PROBLEM TO WORK ON: An exact copy of the data is required, with no pictures in it.

● ● ●

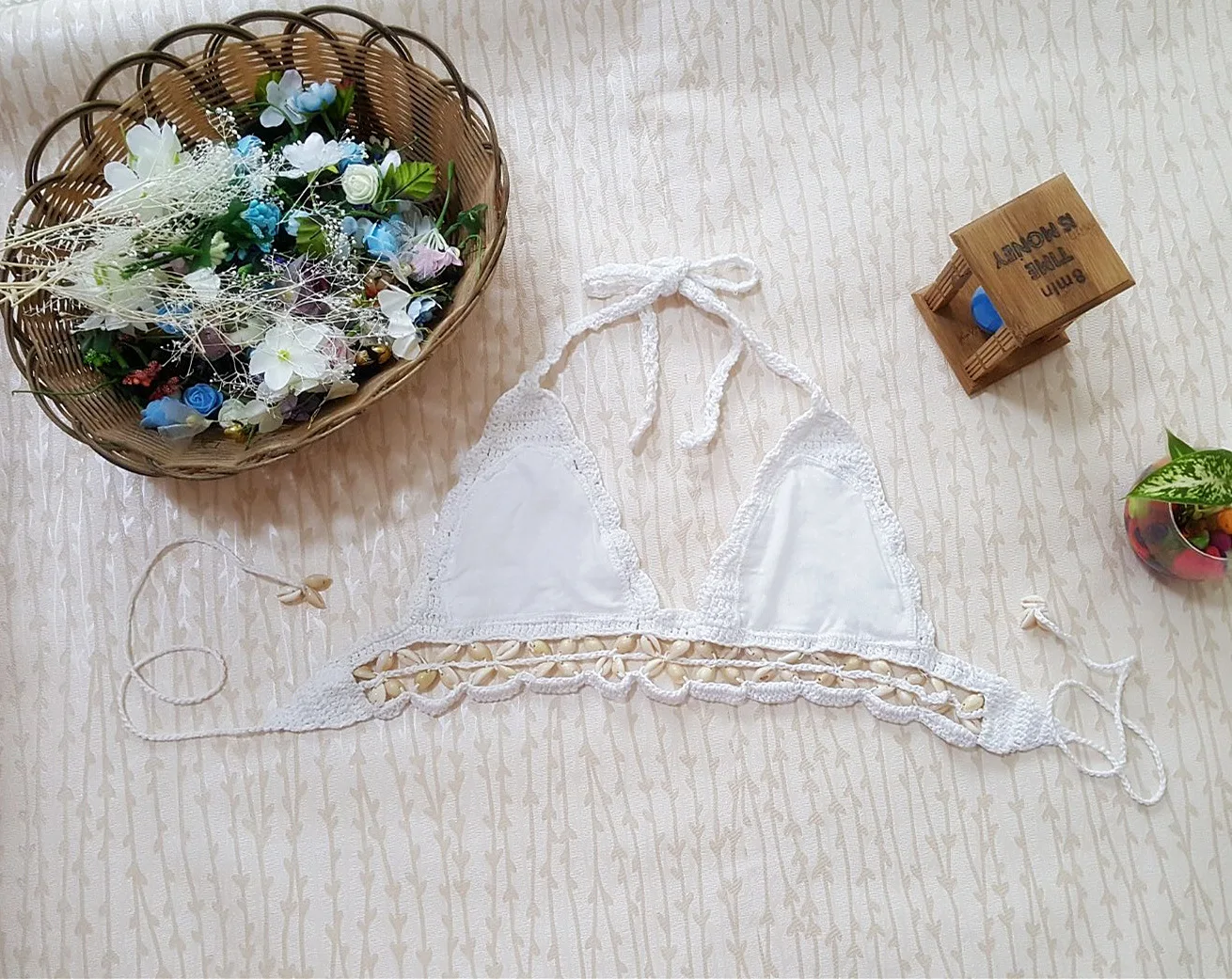 Set Pakaian Dalam Shell Pantai Anyam Tangan Wanita Seksi Musim Panas Mode Eropa dan Amerika/Baju Renang Bikini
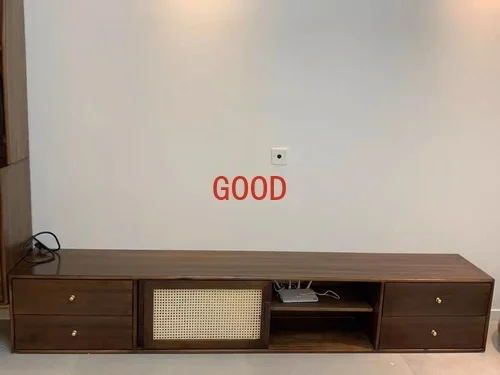 Solid Wood Sideboard Integrated High Cabinet Walnut Color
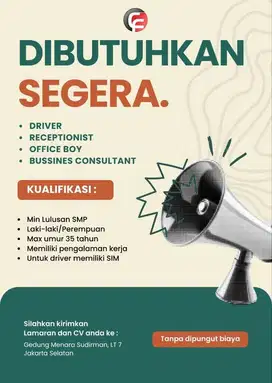 Di buka Lowongan pekerjaan bagian marketing untuk 5 orang tercepat!!!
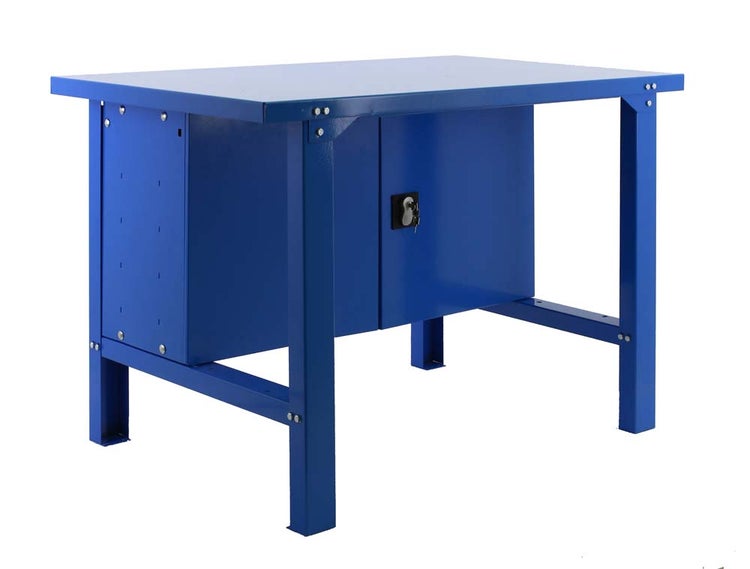 PROREGAL Werkbank Buffalo Metal mit Schrank HxBxT 83 x 180 x 73 cm Traglast 600 kg Blau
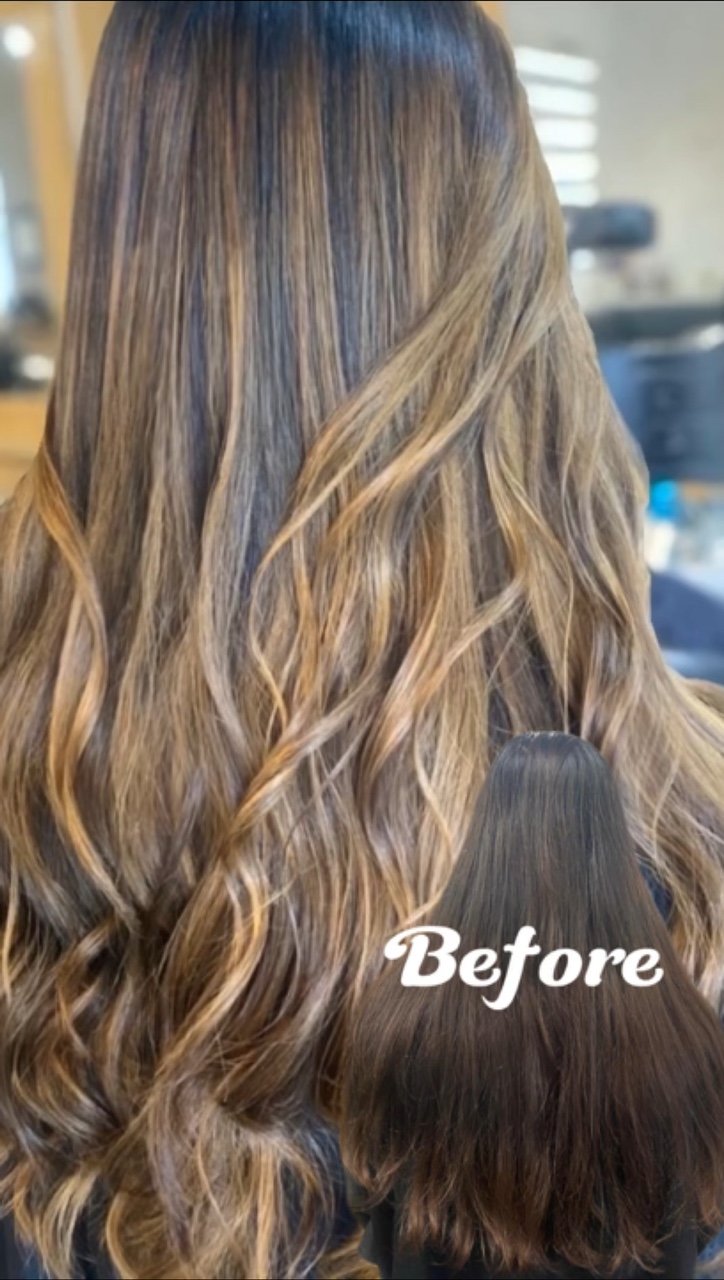 Cheveux avant / après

● ● ●

TASK RESPONSE:
 Set Pakaian Dalam Shell Pantai Anyam Tangan Wanita Seksi Musim Panas Mode Eropa dan Amerika/Baju Renang Bikini
 Solid Wood Sideboard Integrated High Cabinet Walnut Color
 Di buka Lowongan pekerjaan bagian marketing untuk 5 orang tercepat!!!
 PROREGAL Werkbank Buffalo Metal mit Schrank HxBxT 83 x 180 x 73 cm Traglast 600 kg Blau
 Cheveux avant / après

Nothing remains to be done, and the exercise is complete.